C'est dans l'une des expositions inaugurales du BAL, Cinq étranges albums de famille, que l'on a découvert il y a trois ans les images d'Emmet Gowin. Ce photographe américain est né en 1941 dans la petite ville de Danville, en Virginie, surnommée « city of churches » en raison de la densité d'églises qui y sont bâties au kilomètre carré. Il grandit sur l'île de Chincoteague, au large de la Virginie, auprès d'un père pasteur aux principes très rigoureux, et d'une mère musicienne. L'île adjacente d'Assateague est célèbre pour la race de poneys « chincoteague » qui y vit à l'état sauvage et dont l'origine est controversée : survivants du naufrage d'une flotte espagnole, ou abandonnés par des colons. Chaque année y est organisé le « Pony Penning », sorte de transhumance lors de laquelle des centaines de bêtes traversent à la nage le détroit qui sépare Assateague de Chincoteague. Emmet Gowin débute la photographie au début des années 1960, suivant les traces de Cartier-Bresson, Robert Frank et Walker Evans. Il commence à prendre en photo ce qu'il a sous les yeux, les éléments de son quotidien dans leur simplicité brute : scènes de parcs, enfants jouant, paysages urbains... et Edith.

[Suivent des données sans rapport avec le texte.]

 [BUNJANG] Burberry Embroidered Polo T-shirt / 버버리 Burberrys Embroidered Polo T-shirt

Emmet Gowin épouse Edith Morris en 1964, et n'a cessé de la photographier depuis. Le photographe découvre alors une famille soudée autour de son épouse, notamment ses sœurs avec lesquelles elle forme un trio inséparable. Le nœud familial va devenir, dans les décennies 1960-1970, le sujet de prédilection d'Emmet Gowin, avant qu'il ne déporte son attention vers les paysages d'Europe et d'Amérique dénaturés par l'homme.

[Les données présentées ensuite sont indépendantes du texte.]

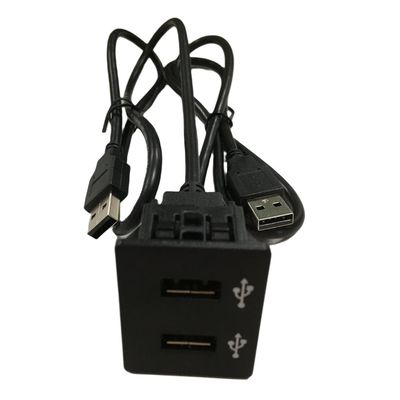 미쓰비시 대시 마운트용 자동차 USB 충전용 케이블 와이어 해운스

Edith, que l'on ne voit jamais sourire, apparaît la plupart du temps de manière frontale, le visage dur et le corps sec, le regard vide surmonté de sourcils têtus – sauf peut-être dans cette photo qui date de l'année précédent leur mariage, où elle émerge le visage barré de l'ombre légère d'une brindille, tel un ornement végétal soulignant ce profil de fée. Malgré une mine inexpressive, on la voit volontiers se prêter au jeu du modèle : posant enceinte et nue dans une rivière, remontant sa blouse et ouvrant les jambes pour laisser jaillir sur le sol de la maison un jet d'urine, déboutonnant sa chemise pour montrer ses seins à l'insu d'une aïeule. De dos, de face et de profil, jeune, vieille, belle, froide. Parfois un enfant est à ses côtés, parfois une sœur, un papillon, leur maison. Souvent Edith est placée dans un cadre naturel quasi vierge qui fait d'elle une sorte de nymphe moderne.
Ainsi voit-on sur une période de près d'un demi-siècle vieillir Edith Gowin dans ses rôles de mère, d'épouse, d'amante, de fille, de sœur. Une formidable complicité s'établit entre le photographe et son modèle, dans un face-à-face d'une franchise poignante. Mais si certaines photos de famille donnent envie de se glisser dans ce quotidien idyllique de Danville, d'autres glacent le sang par leur objectivité crue, comme celle où on la voit, lointaine, dans un living-room envahi par les papiers épars des cadeaux de Noël. Une forme de tendresse brutale, presque animale, se dégage de chaque image et magnétise le regard, tandis que le visage du photographe est rarement visible. On se prend alors à chercher en vain dans les yeux d'Edith le regard d'Emmet, libre et sauvage comme les poneys de Chincoteague.